This is a difficult movie to review, and I try to only use that complaint every month or so.  It isn't so much a movie as a faux-documentary from director Larry Peerce, giving you the feeling of being a fly on the wall as this high-tension situation continues to escalate. Peerce's movie follows a handful of characters pre-game and as the game develops, giving us just enough info about them to get interested in them (hopefully that is, the attempt is hit or miss). Much of the movie was shot during the NFL season in 1975, also prominently featuring a Pac-10 game between USC and Stanford.  The problem is that much of the story shows a quick scene with the cast then cuts quickly to the football game and then the police and SWAT efforts to handle the sniper. With that filming technique, the first 45-60 minutes have a disjointed feel that makes it difficult to actually get into any rhythm with the movie and keep up with it.

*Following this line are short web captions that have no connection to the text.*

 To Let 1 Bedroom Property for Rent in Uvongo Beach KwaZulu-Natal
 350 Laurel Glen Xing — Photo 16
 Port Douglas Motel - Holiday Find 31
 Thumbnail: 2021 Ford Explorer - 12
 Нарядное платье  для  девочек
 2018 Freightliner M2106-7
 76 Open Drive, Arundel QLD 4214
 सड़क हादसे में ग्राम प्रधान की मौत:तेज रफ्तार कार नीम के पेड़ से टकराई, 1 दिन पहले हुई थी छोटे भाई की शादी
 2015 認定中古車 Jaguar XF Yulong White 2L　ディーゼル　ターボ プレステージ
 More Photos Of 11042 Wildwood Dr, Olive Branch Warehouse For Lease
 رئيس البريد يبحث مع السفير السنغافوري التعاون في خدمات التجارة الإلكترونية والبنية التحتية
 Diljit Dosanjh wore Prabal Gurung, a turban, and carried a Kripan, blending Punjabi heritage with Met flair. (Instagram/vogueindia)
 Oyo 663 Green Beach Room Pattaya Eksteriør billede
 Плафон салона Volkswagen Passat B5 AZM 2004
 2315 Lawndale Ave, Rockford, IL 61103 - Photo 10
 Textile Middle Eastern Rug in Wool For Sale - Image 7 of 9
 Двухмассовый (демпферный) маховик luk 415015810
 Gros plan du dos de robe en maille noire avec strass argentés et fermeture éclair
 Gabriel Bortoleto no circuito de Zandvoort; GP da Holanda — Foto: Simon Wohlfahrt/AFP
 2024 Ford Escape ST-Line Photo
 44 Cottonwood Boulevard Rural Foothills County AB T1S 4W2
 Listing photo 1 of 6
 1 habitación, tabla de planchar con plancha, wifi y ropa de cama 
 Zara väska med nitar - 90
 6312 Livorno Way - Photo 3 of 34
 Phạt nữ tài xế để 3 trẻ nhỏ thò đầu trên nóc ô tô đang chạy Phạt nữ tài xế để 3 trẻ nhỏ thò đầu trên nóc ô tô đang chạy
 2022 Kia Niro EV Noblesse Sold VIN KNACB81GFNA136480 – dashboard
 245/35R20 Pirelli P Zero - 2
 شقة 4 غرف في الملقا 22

Thankfully the movie finds the right gear at about the hour mark once Cassavetes' SWAT team arrives on the scene, the anxiety and tension building as the game nears its close.  SPOILERS STOP READING SPOILERS Despite the best efforts of the police and SWAT, the sniper does open fire, causing mass chaos as people start dropping dead all over the Coliseum, the deaths portrayed graphically and brutally.  Pieces start to click together as to why the all-star cast is there....as targets and little else.  Seeing movie stars shot aside, the finale as the sniper opens fire is one of the most troubling, uncomfortable extended scenes I've ever watched. Imagine 90,000 freaked out people all scrambling to stay alive, not quite sure what's going on.  People are trampled and thrown, pushed aside like rag dolls as survival takes over above all else. The second hour most definitely makes up for the struggles of the first hour, a truly memorable ending.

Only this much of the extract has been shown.